The Netherlands is also especially popular among German companies. The system there works like this: A company's main office establishes a Dutch offshore company. The main office then pays the Dutch company license fees, which are tax-exempt in the Netherlands. In this manner, the parent company reduces its profits in its home country and pays fewer taxes.
The Netherlands' attractions for foreign capital are reflected in the level of direct investment. In late 2012, the kingdom posted, according to Organization for Economic Cooperation and Development (OECD) figures, $3.5 trillion in foreign investments, of which only $573 billion flowed into the real economy, while the rest went to shell companies. There are an estimated 23,000 of these firms in the Netherlands.
BASF has five production facilities, with more than 1,000 employees, and 21 holding companies in the Netherlands, many of which have no staff. According to BASF, the holding companies manage its international holdings. Volkswagen, too, isn't just in the Netherlands to sell cars.

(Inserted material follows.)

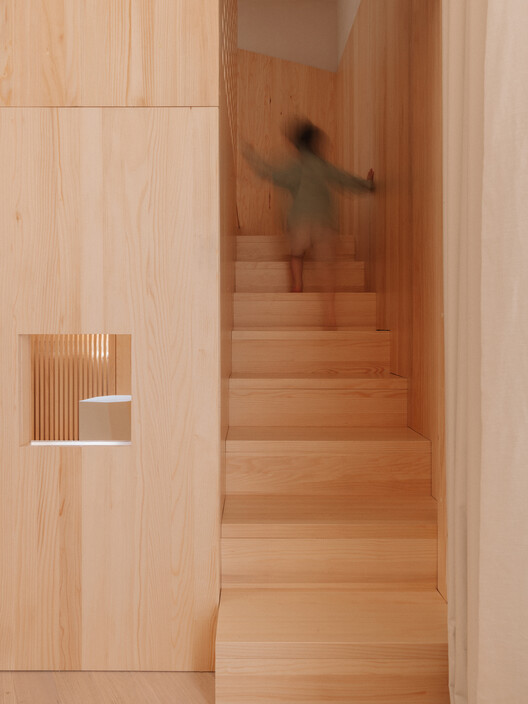 Treehouse Apartment / Projekt V Arhitektura - Interior Photography, Wood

Resistance to Tax Harmonization
There have been many attempts in the euro zone to structure business taxes fairly and uniformly. In 1998, the Austrian government placed the issue on the agenda of a meeting of EU finance ministers. "The differences in the tax systems of the member states are becoming increasingly important for investment decisions," an official noted at the time.
The introduction of the euro intensified this conflict. In the past, governments could improve competitiveness by devaluing their national currencies. Because this is no longer an option in the monetary union, the easiest way to improve a national economy's standing is by cutting taxes on companies.
At the time, experts proposed imposing lower and upper limits on corporate income tax rates. "What sort of socialism is that?" Germany's Economics Minister at the time, Günter Rexrodt, a member of the business-friendly Free Democratic Party (FDP), said angrily on the sidelines of a European Council meeting.
There are different politicians in office now, but the arguments haven't changed. "There can be no lower limit or upper limit," says Luxembourg Finance Minister Luc Frieden. "Each country must decide for itself how much tax a company should pay. A certain amount of tax competition is necessary."
"I'm opposed to harmonization at a high level," says Austrian Finance Minister Maria Fekter. "I support tax competition. It's in the national interest to structure the tax system in such a way as to make a country more attractive to businesses."
And so the tax carousel keeps on turning. Even a crisis-ridden country like Portugal, which has €78 billion in bailout loans to repay, has reduced its business tax. A few weeks ago, British Chancellor of the Exchequer George Osborne announced that the country's Corporation Tax is being reduced to 20 percent, which would be the lowest rate among all G-20 countries.
The British intend to address the aggressive financial optimization of companies and the super-rich with international treaties. They have placed the issue on the agenda of the G-8 summit in mid-June, which US President Barack Obama is expected to attend.
The British and the Americans advocate a system involving the automatic exchange of data between tax authorities. Switzerland has bowed to intense pressure and made that concession to the Americans. The British have convinced tax havens in the Caribbean, like the Cayman Islands and the British Virgin Islands, to agree to similar programs.
The idea of a large-scale exchange of data is also gaining traction in the EU. Last week, 17 EU countries, including Germany, Belgium and the Netherlands, announced their willingness to exchange tax-related data on private individuals and companies in the future.
There probably will be more transparency in the end, but there are no signs that aggressive tax competition among the member states will end. The draft of the conclusions for the EU summit includes the promising statement that the "Code of Conduct" task force will be asked to submit proposals. But it's been doing that for a long time -- for more than 15 years, to be precise.